The commission has conducted a year-long probe of barriers to operations in China by non-Chinese maritime companies. In late June, it said the results indicated that Bejing's policies indeed discriminate against U.S. and other non-Chinese carriers, putting them at a competitive disadvantage.

It noted there has been some progress in recent years. But it said the investigation showed that non-Chinese shipping lines must rely on Chinese agents - subsidiaries of state-owned Chinese shipping companies - to handle a variety of critical tasks, in effect subsidizing (and feeding information to) their competition; Chinese carriers, on the other hand, face no similar restrictions in the United States.

The probe also underlined restrictions imposed by Beijing on U.S. carriers' port access, branch offices, and truck and barge operations.

The FMC ordered its attorneys to prepare a formal proposal for retaliatory sanctions against Chinese maritime firms. It set no schedule for action, but clearly wanted to be ready to use them.

And it left no question about its basic position in the matter. A press release from the commission said it ordered the proposed sanctions drawn up ''to address apparent restrictions faced by U.S. shipping companies.'' It referred to barriers that ''handicap U.S. carriers' ability'' to serve China. It said ''U.S. carriers' intermodal networks'' must be allowed to develop on both sides of the ocean.

The as-yet unspecified sanctions still hang over the issue. Meanwhile, top-level negotiations between China and the U.S. Maritime Administration are expected later this month. And, in a related issue, this week the public-comment period closes on a request by the China Ocean Shipping Co. for a waiver of a U.S. requirement that limits its ability to respond to rate changes by competitors.

But there's been a major change in the scene since June 24, when the FMC ordered the sanctions prepared. On July 22, CSX Corp. agreed to sell the deep-sea shipping operations of Sea-Land Service to A.P. Moller Group, the Danish company that owns Maersk Line, a major global carrier.

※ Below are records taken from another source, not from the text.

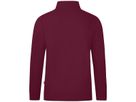 JAKO Sweatjacke Doubletex Herren C9830, Gr. M maroon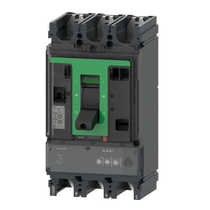 Disjuntor Caixa Moldada Tripolar Eletrônico 690VCA 400A 20KA Compact C40H32D400 Schneider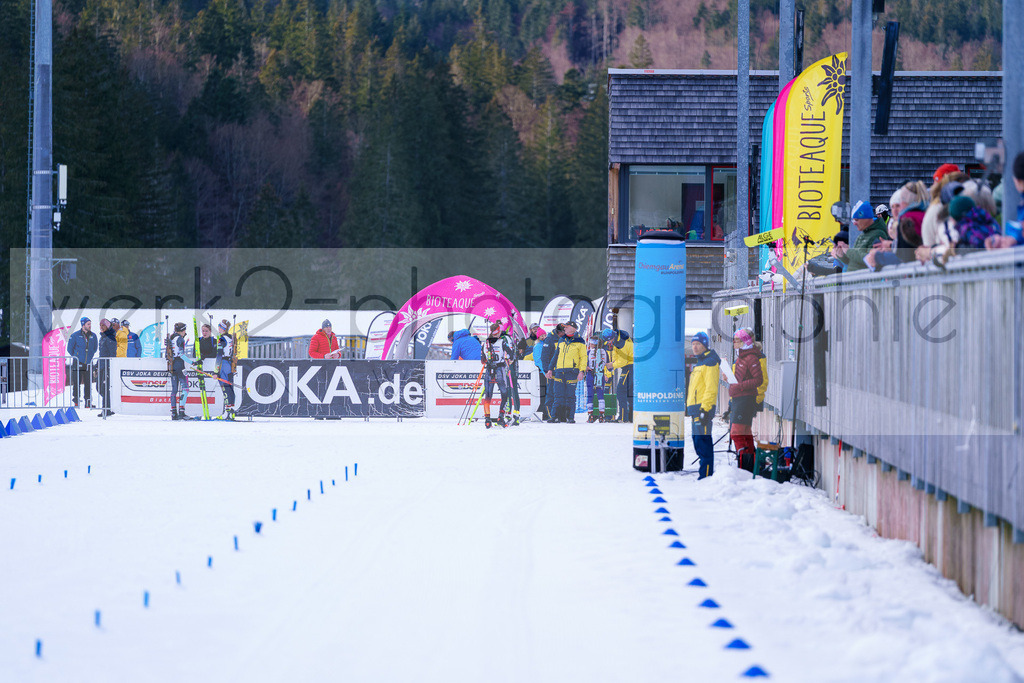DP Ruhpolding | 4. DSV JOKA Deutschlandpokal Biathlon in der Chiemgau Arena Ruhpolding am 24. bis 26. Januar 2025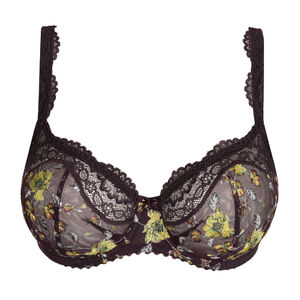 Soutien-gorge balconnet couture verticale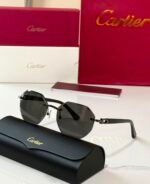 Carier C40439S rimless hexagonal shape sunglasses - Image 6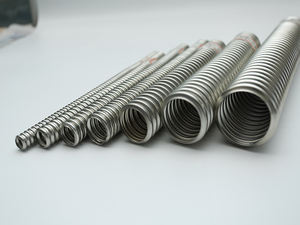 304/316 Selang Fleksibel Baja Nirkarat Gulungan CSST Tabung Logam Bergelombang - Product Image 5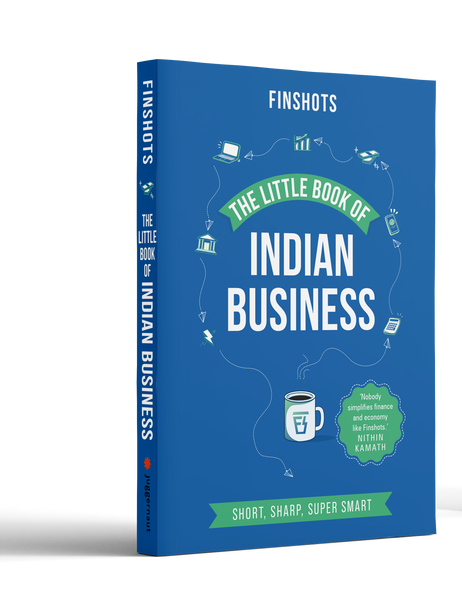 The Little Book of Indian Business - Paperback ( 1 copy pack)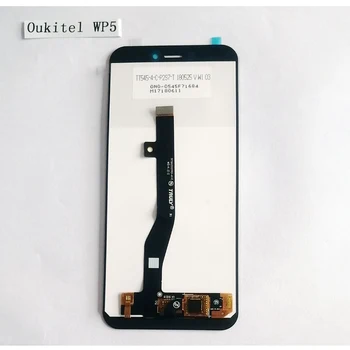 Originálne Oukitel pracovný balík 5 LCD Displej a Dotyková Obrazovka Digitalizátorom. Montáž Nahradenie +Nástroje 5.5 palcový 2020 NOVÝ Telefón, LCD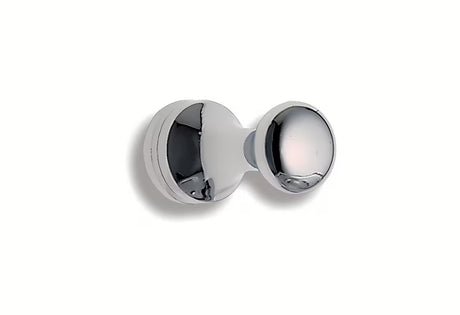 Kromirani kupaonski kukica Novaservis Metalia 1 pro za montažu bušenjem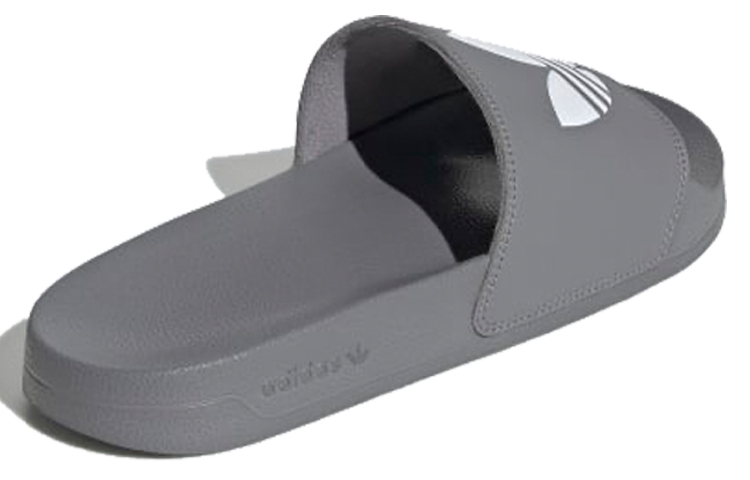 Adidas Adilette Lite Slides 'Trefoil Logo Grey' купить в интернет-магазине Yoocart с быстрой доставкой по России.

Sea-Land was the last American company to serve China. The next-to-last, APL, was sold to Neptune Orient Lines, a Singaporean company, in November of 1997.

To be sure, ships of APL continue to fly the U.S. flag, as will Sea-Land vessels when the Maersk deal is completed. Both are sure to continue serving China. But they're no longer American shipping companies.

And that, given the degree to which the agency has focused on protecting American shipping companies in its explanation of the China investigation, catches the FMC a bit short. Is the FMC going to take on a major international power on behalf of a Danish shipping line and a Singaporean shipping line?

This is not to suggest that China's hands are clean; arguably they're not, and Beijing has even more Draconian measures on tap. Nor is this to suggest what the FMC should or should not do about these specific issues, or, on a broader level, similar issues in the future. Its mission includes protecting shippers, too. But with the diminution of the American merchant marine to a scant handful of lines, a major part of its raison d'etre is withering away.

The question of how the lack of American carriers serving China fits into the FMC's consideration of China's shipping policies is a valid one. It deserves a detailed answer.

FMC Chairman Harold Creel Jr. to date has dealt with the issue by brushing it aside and saying that the agency exists to protect ''against unfavorable conditions for shipping in U.S. trades generally.'' He and the other commissioners ought to give the matter more thought and offer the shipping public a more comprehensive answer.

If the FMC is going to take punitive action against a major trading partner, what it is fighting for should be enunciated very clearly.